Newest record based on column criteria

  • Hi Guys.

    Is there a way to select the distinct ref number where the date is the newest date and acc is equal to LEX.  So the results would be:

     

     

    SELECT *

    INTO #SampleData2

    FROM (

    VALUES ('BA', '12345', '2019-01-01', 'LEX'),

    ('BA', '12345','2019-01-02', 'LEX'),

    ('BA', '12345','2019-01-03', 'CASH'),

    ('BA', '12345','2019-01-04', 'CASH'),

    ('BA', '12345','2019-01-05', ''),

    ('BA', '12346', '2019-01-01', 'LEX'),

    ('BA', '12346','2019-01-02', 'LEX'),

    ('BA', '12346','2019-01-03', 'CASH'),

    ('BA', '12346','2019-01-16', 'CASH'),

    ('BA', '12347','2019-01-02', 'LEX'),

    ('BA', '12347','2019-01-03', 'CASH'),

    ('BA', '12346','2019-01-16', 'CASH'),

    ('BA', '12346','2019-01-19', ''),

    ('BA', '12346','2019-01-20', ''),

    ('BA', '12347','2019-01-16', 'LEX'),

    ('BA', '12347','2019-01-19', 'CASH')

    ) AS d (Name, ref, DATE, ACC);

    SELECT * from #SampleData2

  • Yes, the common way is using a CTE and ROW_NUMBER or using ROW_NUMBER in the ORDER BY and TOP 1 WITH TIES. There's plenty of examples on the internet on how to do this (and I'm sure a Google would have given you the answer), but:

    WITH CTE AS(
    SELECT SD2.Name,
    SD2.ref,
    SD2.DATE,
    SD2.ACC,
    ROW_NUMBER() OVER (PARTITION BY Ref ORDER BY [DATE] DESC) AS RN
    FROM #SampleData2 SD2
    WHERE SD2.ACC = 'LEX')
    SELECT C.[Name],
    C.ref,
    C.[DATE],
    C.ACC
    FROM CTE C
    WHERE C.RN = 1;

    SELECT TOP 1 WITH TIES
    SD2.[Name],
    SD2.ref,
    SD2.[DATE],
    SD2.ACC
    FROM #SampleData2 SD2
    WHERE SD2.ACC = 'LEX'
    ORDER BY ROW_NUMBER() OVER (PARTITION BY Ref ORDER BY [DATE] DESC);

    Thom~

    Excuse my typos and sometimes awful grammar. My fingers work faster than my brain does.
    Larnu.uk

  • Perfect thank you very much

  • Here's a method that doesn't use ROW_NUMBER()

    ;WITH CTE AS
    (
    SELECT DISTINCT SD2.Name,
    SD2.ref
    FROM #SampleData2 SD2
    WHERE SD2.ACC = 'LEX'
    )
    SELECT x.*
    FROM CTE
    CROSS APPLY(SELECT TOP(1) *
    FROM #SampleData2 x
    WHERE x.Name = CTE.Name
    AND x.ref = CTE.ref
    AND x.ACC = 'LEX'
    ORDER BY x.DATE DESC) x
  • Jonathan AC Roberts wrote:

    Here's a method that doesn't use ROW_NUMBER()
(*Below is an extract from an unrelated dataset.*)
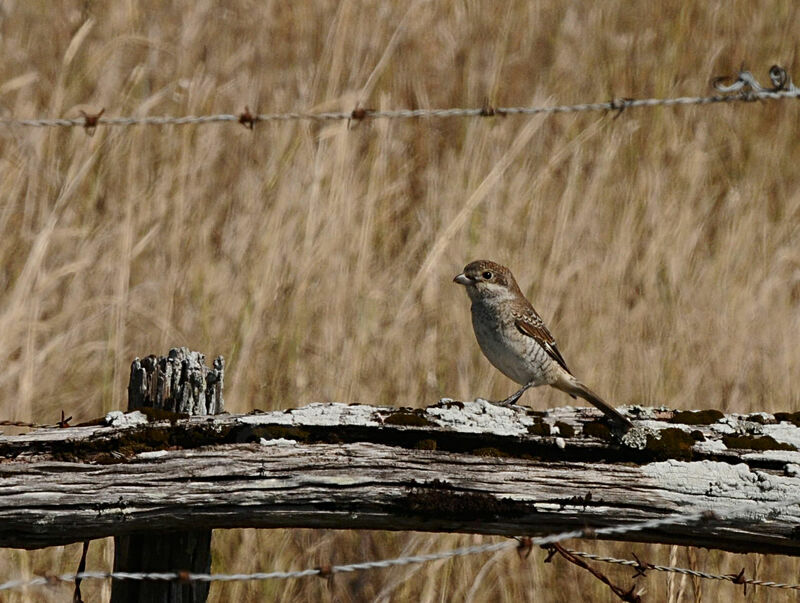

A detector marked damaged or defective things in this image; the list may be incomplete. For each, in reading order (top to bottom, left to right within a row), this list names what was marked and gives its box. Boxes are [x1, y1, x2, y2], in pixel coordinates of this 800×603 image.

rusty barbed wire [0, 66, 796, 132]
rusty barbed wire [3, 496, 796, 596]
    It also requires two scans of the table and is approximately twice as expensive as a result.  It will always perform worse than the ROW_NUMBER() approach.

    Drew

    J. Drew Allen
    Business Intelligence Analyst
    Philadelphia, PA

  • drew.allen wrote:

    Jonathan AC Roberts wrote:

    Here's a method that doesn't use ROW_NUMBER()

    It also requires two scans of the table and is approximately twice as expensive as a result.  It will always perform worse than the ROW_NUMBER() approach. Drew

    I'm sure I've had this argument before. The method I suggested is actually faster than the ROW_NUMBER() provided there is an index on ACC, Name, ref and also that data has on average more than about 4 rows for each ACC, Name, ref. The query can then do a seek, which is faster than the large sort needed for ROW_NUMBER().

    So no, it won't always perform worse as it sometimes performs better.

  • Just out of curiosity, I created semi-valid test of these three sets of code.  I took the code and inserted it into a regular table, and used the GO 111 to insert the same rows.  Not a valid distribution of data for an actual test, but it's good enough.  It ended up with 12768 rows.

    Both queries came up with a recommended index, so I added them.

    CREATE CLUSTERED INDEX [IX99_SampleData2]
    ON [dbo].[SampleData2] ([ACC])
    GO

    USE [Junk]
    GO
    CREATE NONCLUSTERED INDEX [IX98_SampleData2]
    ON [dbo].[SampleData2] ([Name],[Ref],[DATE])
    GO

    Drew's first example returns in 12 ms.

    Table 'Worktable'. Scan count 0, logical reads 0, physical reads 0, read-ahead reads 0, lob logical reads 0, lob physical reads 0, lob read-ahead reads 0.

    Table 'SampleData2'. Scan count 1, logical reads 29, physical reads 0, read-ahead reads 0, lob logical reads 0, lob physical reads 0, lob read-ahead reads 0.

    Drew's second example returns in 15 ms.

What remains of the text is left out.